# What kind of fish is this?



## dock59 (Mar 12, 2010)




----------



## navarchus (Jan 26, 2010)

Don't hold me to this. As far as I know, that is a deep water fish. It is related to the shark and ray family. Meaning it has cartilaginous bone structure


----------



## TheOldSalt (Jan 28, 2005)

Gadzooks!
Where did you find this?
DID you find this, or are these just pics you found somewhere online?

It sure looks like a shark at first, but it has bony rays in it's fins. Not a shark. 
A weird benthic fish from the briny deep? Very likely. They discover two or three new ones every week or so.
It might be a very very young fish of some more recognizable species.
This bugs me. Part of my brain is positively screaming "dude, you know this one!" but I can't place it.


----------



## jrdeitner (Feb 7, 2010)

looks like a long finned eel. possibly the new zealand long finned eel?


----------



## Guest (Mar 13, 2010)

exactly TOS. i have seen this somewhere else before. think it was on TV on Discovery about some deep sea expidition..........


----------



## TheOldSalt (Jan 28, 2005)

That dorsal fin over it's head makes me think "not an eel."

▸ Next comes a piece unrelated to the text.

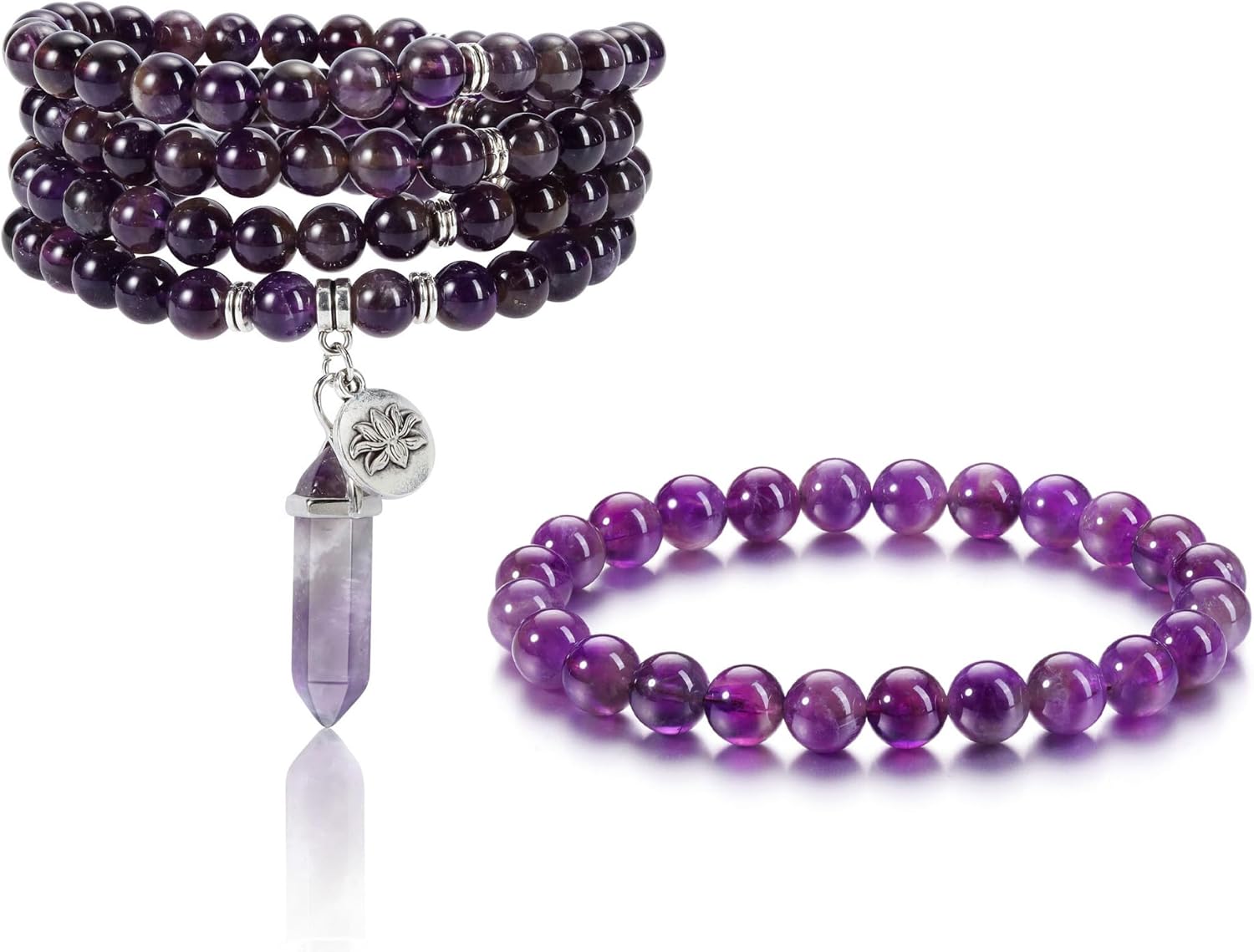Bundle of Jovivi 108 Mala Beads Bracelet 8mm Natural Amethyst Healing Crystal Stone Mala Prayer Bead Necklace Crystal Bracelets for Women Men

I'm really leaning toward it being a juvenile.. of whatever it is.


----------



## redpaulhus (Jan 18, 2005)

Looks like a chimera to me - maybe something in the _Hydrolagus_ genus ?
http://www.fishbase.org/NomenClatur...ntains&crit2_value=&group=summary&backstep=-2


----------



## jrdeitner (Feb 7, 2010)

i didnt see the fin over its head at first, i thought it was just part of the swimming fin. but then again it could be an eel, they are a very diverse fish.


----------



## TheOldSalt (Jan 28, 2005)

Yes! I'm with Red. A juvenile ratfish is my guess.


----------